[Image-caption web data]
==============================
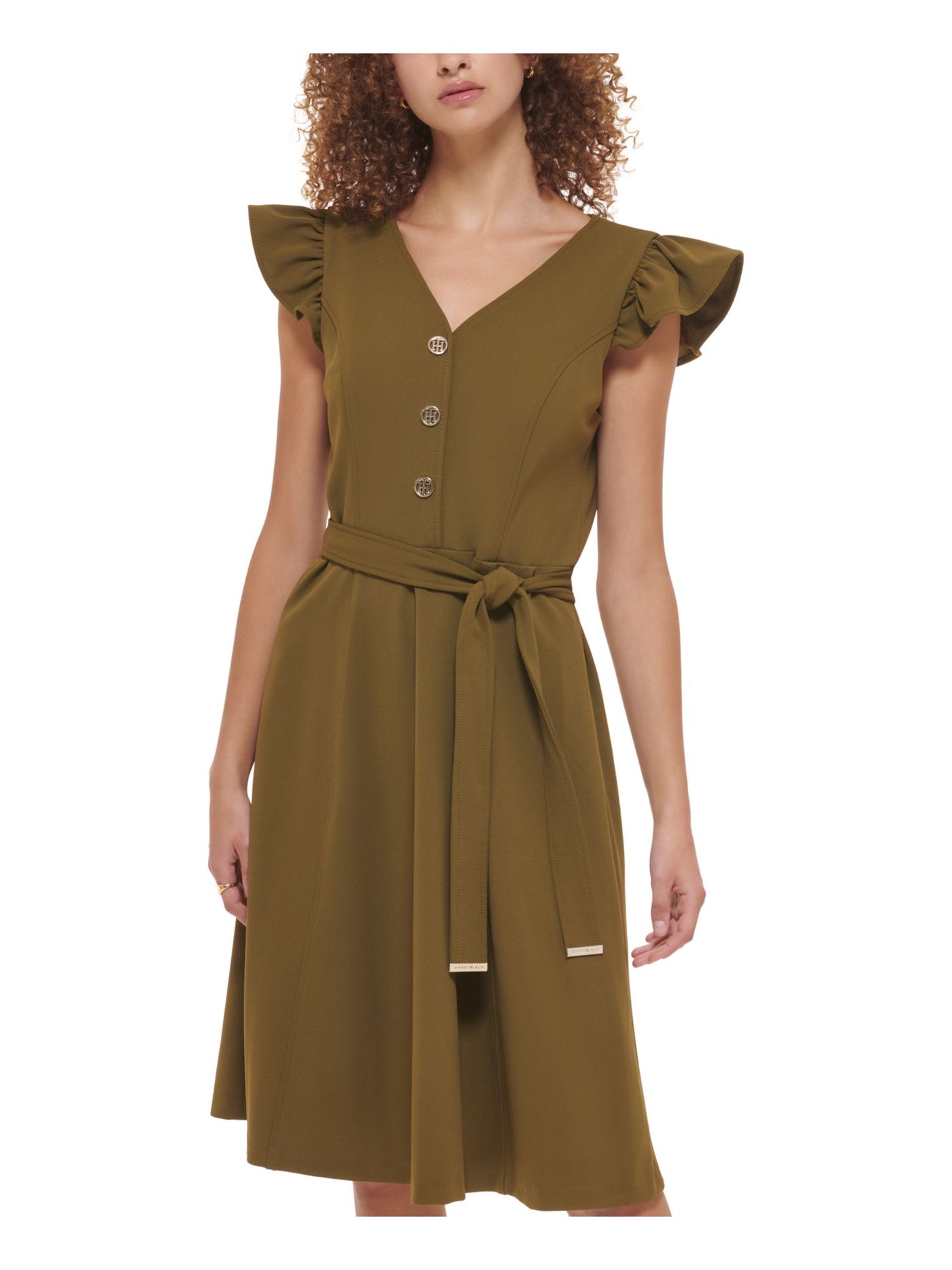 TOMMY HILFIGER Womens Green Zippered Ruffled Logo Button Detail Tie Belt Flutter Sleeve V Neck Knee Length Fit + Flare Dress 8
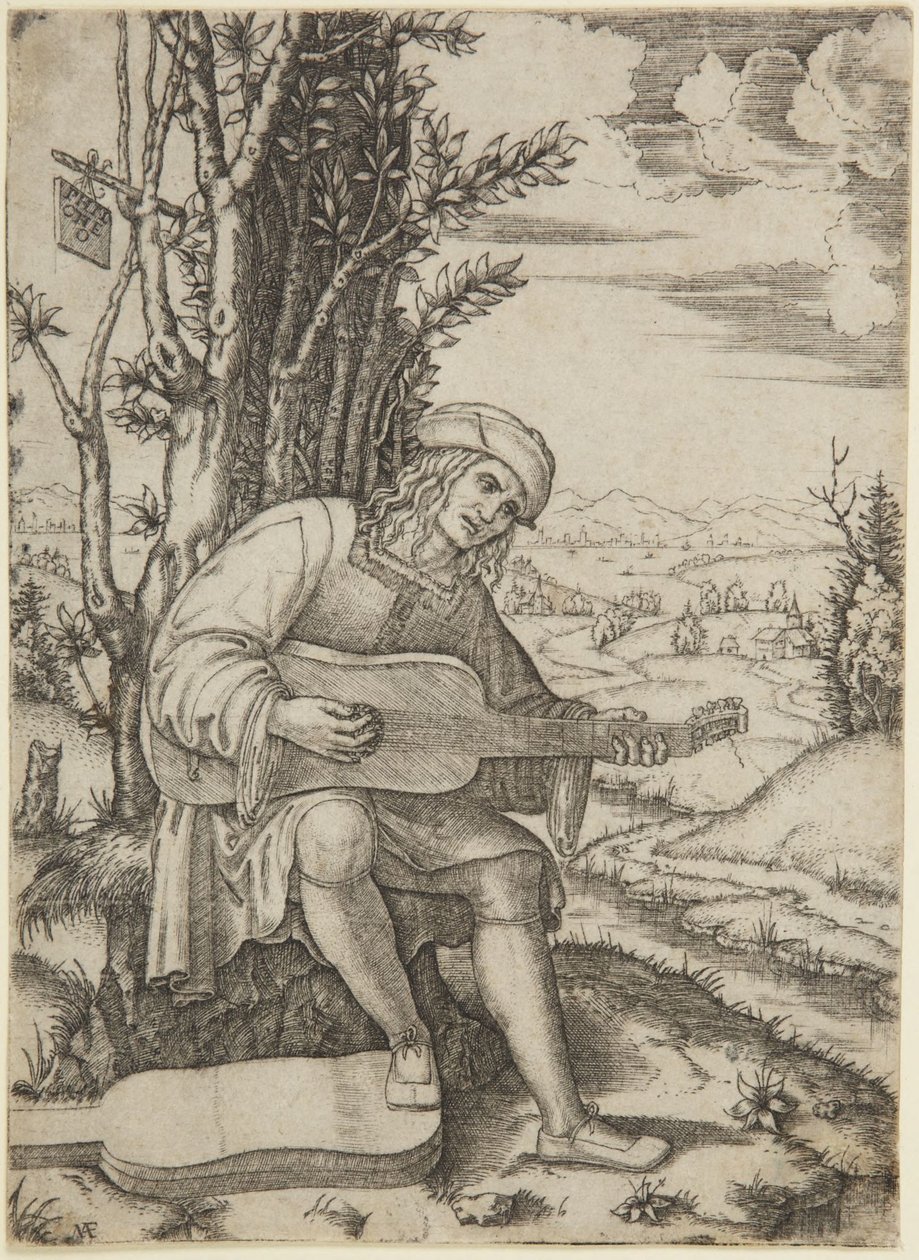 Portrett av poeten Giovanni Achillini, kalt Filoteo (Bartsch XIV/469; Delaborde 232; Passavant 276; Petrucci, nr. 1) av Marcantonio Raimondi
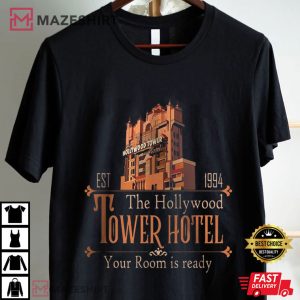 The Hollywood Tower Hotel Your Room Is Ready Est 1994 T Shirt (1)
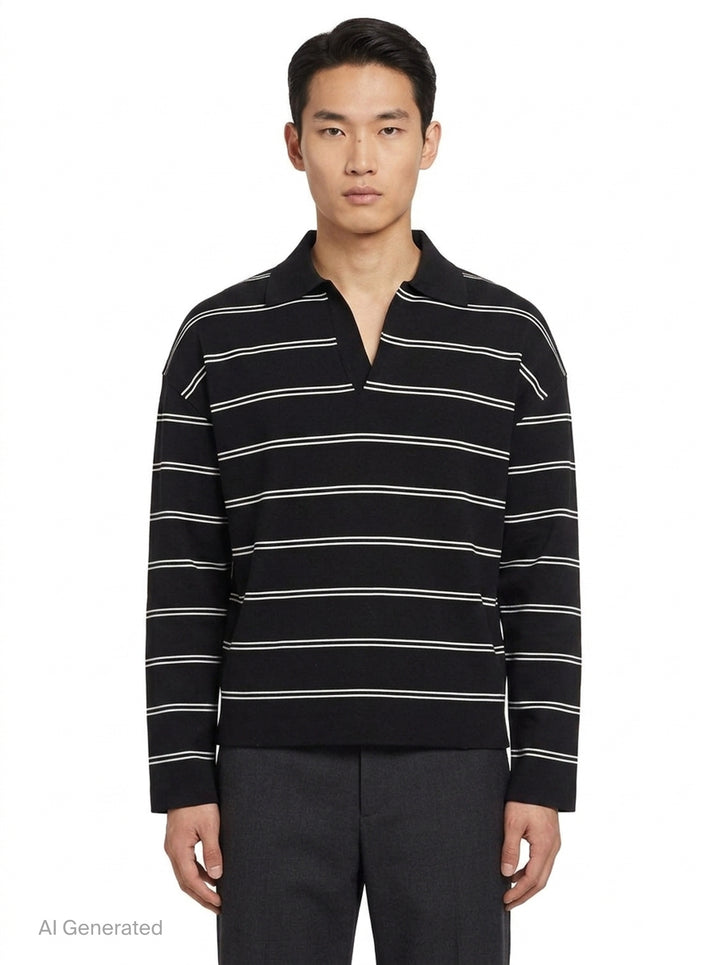 AMI Alexandre Mattiussi Long Sleeve Striped Polo in black with white horizontal stripes, featuring a spread collar, half-zip placket with heart logo pull, and ribbed cuffs - front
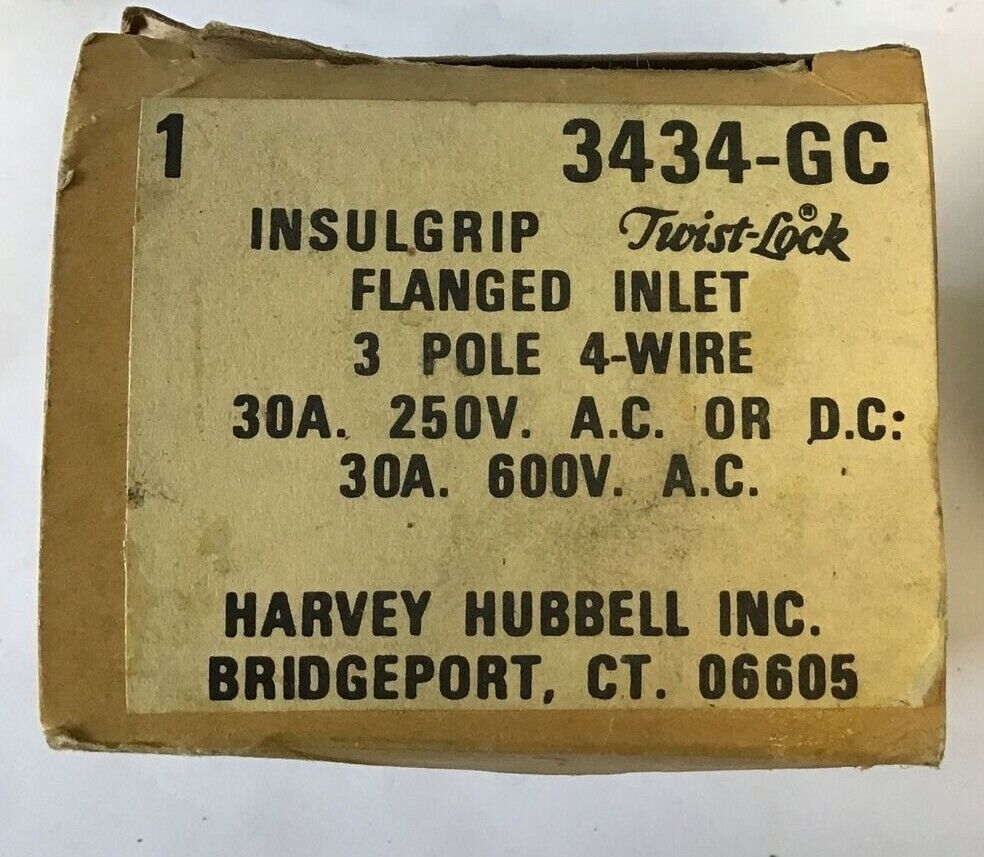 HUBBELL 3434-GC INSULGRIP FLANGED INLET 3POLE 30A 250V/ 30A 600VAC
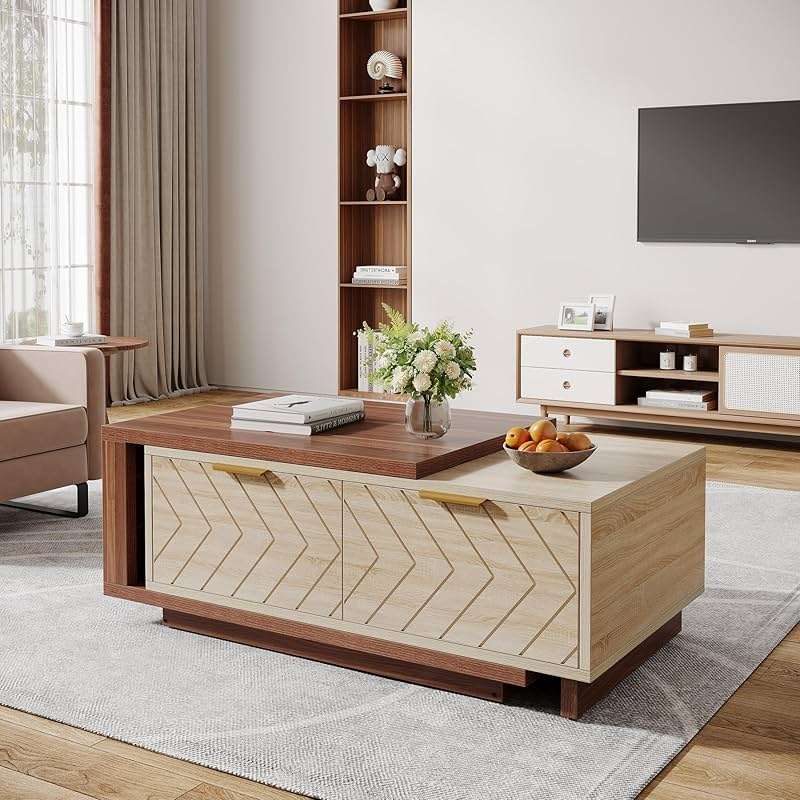 Tribesigns Extendable Coffee Table with 2 Storage Drawers, Dual-Tone Center Table with Sliding Tabletop, Multi-Functional Hidden Storage Wooden Rectangle Cocktail Table for Living Room (Walnut & Oak) - Image 3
==============================
[GOAL OF THE EXERCISE] Leaving all pictures aside, quote each record exactly.

[EXERCISE RESPONSE]
 TOMMY HILFIGER Womens Green Zippered Ruffled Logo Button Detail Tie Belt Flutter Sleeve V Neck Knee Length Fit + Flare Dress 8
 Portrett av poeten Giovanni Achillini, kalt Filoteo (Bartsch XIV/469; Delaborde 232; Passavant 276; Petrucci, nr. 1) av Marcantonio Raimondi
 The Hollywood Tower Hotel Your Room Is Ready Est 1994 T Shirt (1)
 AMI Alexandre Mattiussi Long Sleeve Striped Polo in black with white horizontal stripes, featuring a spread collar, half-zip placket with heart logo pull, and ribbed cuffs - front
 HUBBELL 3434-GC INSULGRIP FLANGED INLET 3POLE 30A 250V/ 30A 600VAC
 Tribesigns Extendable Coffee Table with 2 Storage Drawers, Dual-Tone Center Table with Sliding Tabletop, Multi-Functional Hidden Storage Wooden Rectangle Cocktail Table for Living Room (Walnut & Oak) - Image 3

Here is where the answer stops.